Alternatively, you can use an exciting, shocking, or provocative element within your content to capture attention. Elements can include a shocking headline, an intriguing photo, or the personalization of the ad toward the consumer’s own preferences. If you’ve effectively gotten the attention of the consumer, he or she is much more likely to continue to find out more information.
- Interest. Once you’ve captured the attention of consumers, the battle is not over. Now, you must hold consumer’s interest long enough to relay your most pertinent information, needed for the consumer to continue through the funnel. Depending on your service, product, or sector of business you may achieve this in multiple ways.Some marketers choose to use humor, provocative imagery, or personalization – strategies used in the initial attention-getting stage – to continue to hold consumer interest while relaying important information. Others focus on honing clear, concise, easy-to-use websites to display company information. No matter how you choose to hold interest, it is crucial to continue to move your consumers to the next stage in the AIDA hierarchy.

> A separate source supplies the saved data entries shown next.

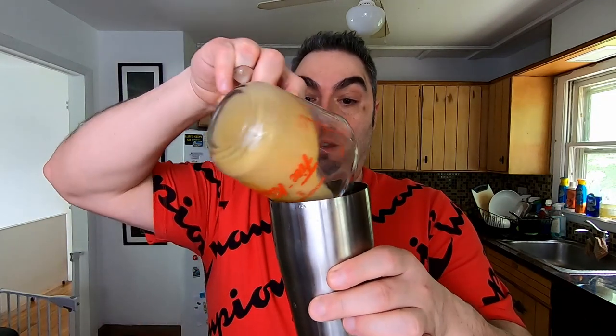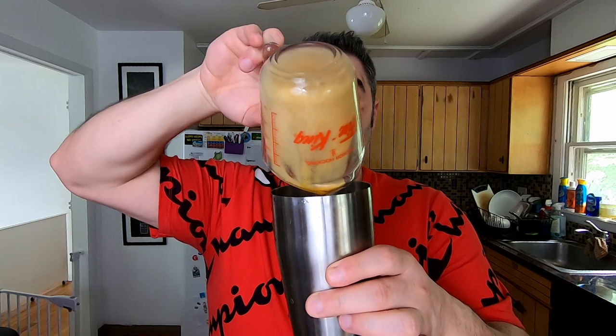Once your espresso is brewed, it's actually pretty simple to assemble. You take your shaker cup and pour your coffee in the shaker cup. Then add simple syrup — I'm going to use a jigger to measure two ounces of simple syrup.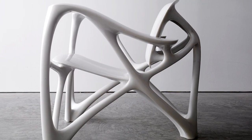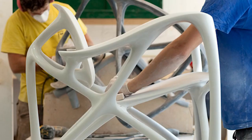The Bone Furniture series came from a scientific research that I found on the internet by a professor called Klaus Matteck. He's a German professor that studies the growth of trees and bones. My name is Joris Laarman. I designed the bone armchair in 2008.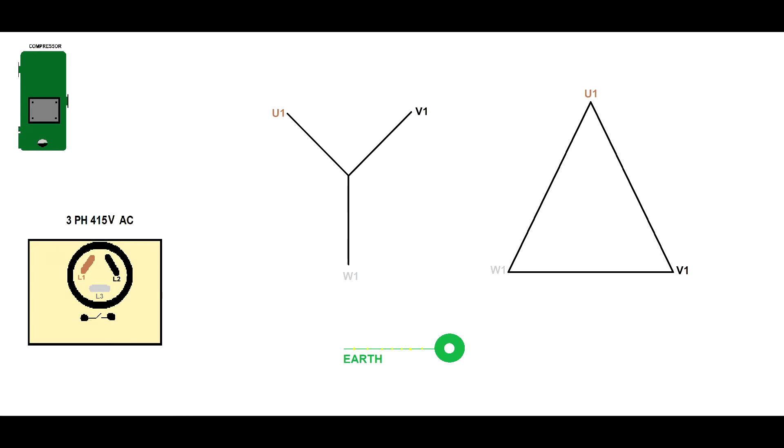Now it is time to measure the compressor. As you will see, this compressor can be configured in star or delta, but it comes pre-configured, although you have enough links. So you have to do two types of measurements. First, measure the resistance between the windings U1, V1, and W1 — the resistance must be the same for all three readings. Then you have to do an insulation test with a megger, and make sure the value read is above 1 MΩ, otherwise your compressor won't be safe to run.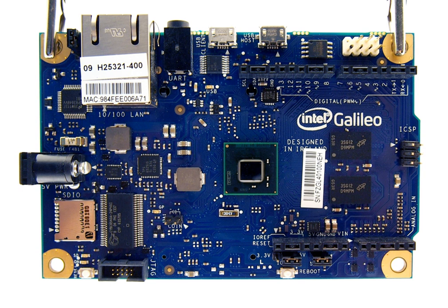Intel Galileo is the first in a line of Arduino-certified development boards based on Intel x86 architecture, designed for the maker and education communities. Intel released two versions of Galileo, referred to as Gen 1 and Gen 2. These development boards are sometimes called breakout boards. The board was discontinued on June 19, 2017.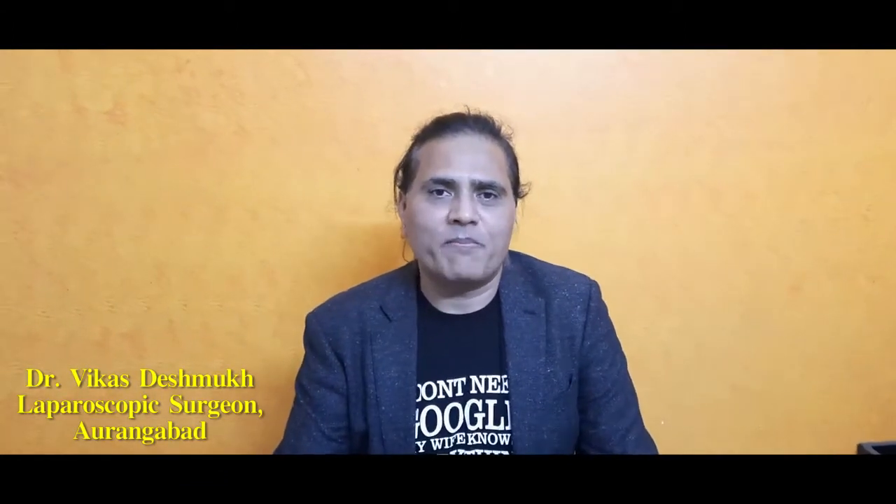Hi, myself Dr. Vikas Deshmukh. I am a general and laparoscopic surgeon in Aurangabad and I have been practicing here since the last 20 years with my wife, a gynecologist, and apart from running this hospital, I have certain hobbies. Since the last 20 years, I am a full marathon runner and the last 6-8 years I have been learning piano.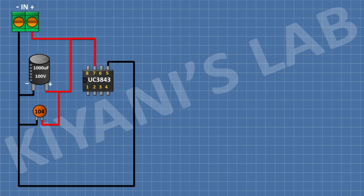After that, I'm gonna connect a 1nF capacitor and connect its one pin to pin number 1 of the IC and its other pin to pin number 2 of the IC. After that, I'm gonna connect a 100k resistor and connect its one pin to pin number 1 of the IC and its other pin to pin number 2 of the IC.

- Desire. If you’ve successfully grabbed consumer attention and held interest long enough to relay information about your product or service, you must now nurture consumer desire. Desire to know more about what your product has to offer can help generate a desire to see how that product can fit a need the consumer has.Promoting desire can include adding to the facts and features the consumer already knows about your product. Alternatively, you could be inciting a consumer to wonder how they have survived for so long without your service. At this point, you are effectively setting the stage for the consumer to make that final decision to take action.
- Action. Finally, after ensuring consumers know as much about you and your product or service as possible, they are nearly ready to take action. Your work is not done, however – you must still ensure that the idea to take action, that thought in the consumer’s head that “I would benefit from buying this product” – reaches fruition. This stage is where your call to action takes place.A final reminder to call, visit the website, or reach out in some way can take the form of an email reminder, a blurb at the end of a social media ad, or a targeted reminder of a sale. If the user is already on your homepage, mention of your current sale or an additional call to action can spur consumer action. Finally, ensuring your site or ordering system is as easy to use as possible helps promote seamless action by your newfound customers.
AIDA has been a consistently recognized method of converting consumers into customers since the late 1800s, when Elias St Elmo Lewis and other salesmen of the time recorded the strategy into the company books. Today, AIDA remains a tried-and-true formula that can help you move consumers through the buying journey.